During the highly competitive initiation that follows, Beatrice renames herself Tris and struggles to determine who her friends really are--and where, exactly, a romance with a sometimes fascinating, sometimes infuriating boy fits into the life she's chosen. But Tris also has a secret, one she's kept hidden from everyone because she's been warned it can mean death. And as she discovers a growing conflict that threatens to unravel her seemingly perfect society, she also learns that her secret might help her save those she loves . . . or it might destroy her.
I picked this up because I’ve heard a lot about it (particularly in comparison to The Hunger Games) and I like dystopian fiction.
There are definitely similarities between this and HG; dystopian world, female protagonist, personal growth, romance and the scene set for an uprising.
HG Difference: Tris chose to leave for another faction, (arguably selfishness), whilst Katniss chose to save her sister (selflessly). I think that makes Tris a believable character – how many of us have never made a selfish decision?

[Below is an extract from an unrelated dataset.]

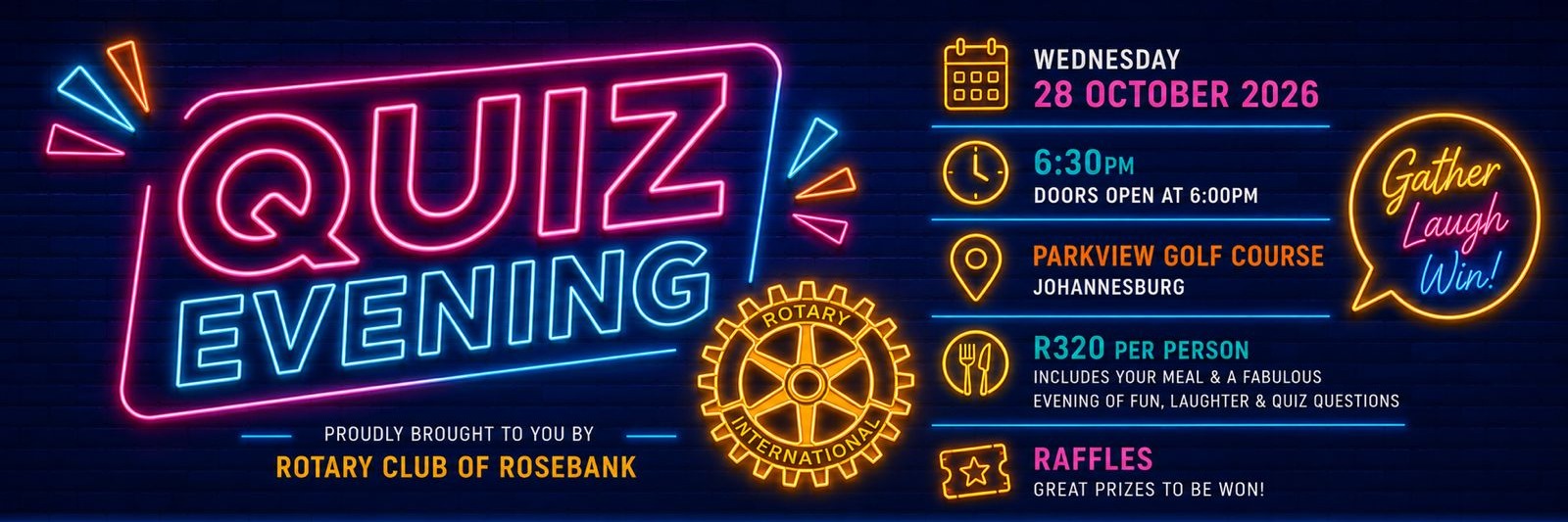 Rotary Club of RoseBank Annual Quiz Evening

“We should think of our family…But. But we must also think of ourselves.” Pg 36.
Some readers object to the five factions as arbitrary segregation and unbelievable. However, the logic behind the factions (revealed very briefly later on) is as believable as the HG concept, I think.
Negative reviews also object to the ‘brave’ acts committed by the Dauntless – many are simply stupid. This is one criticism I absolutely agree with, however the story suggests Dauntless has deviated from the ideal: stupid thrill-seeking is not the aim, but is plot-relevant.
I enjoyed Divergent, but I don’t know if it’ll make my Top #10 Reads this year. Probably the Top #20 though.
Buy it? I’d buy it on a deal – 2 for £7, buy 2 get 1 free etc.
In a nutshell: A quick, easy, enjoyable read, worth a look given the hype.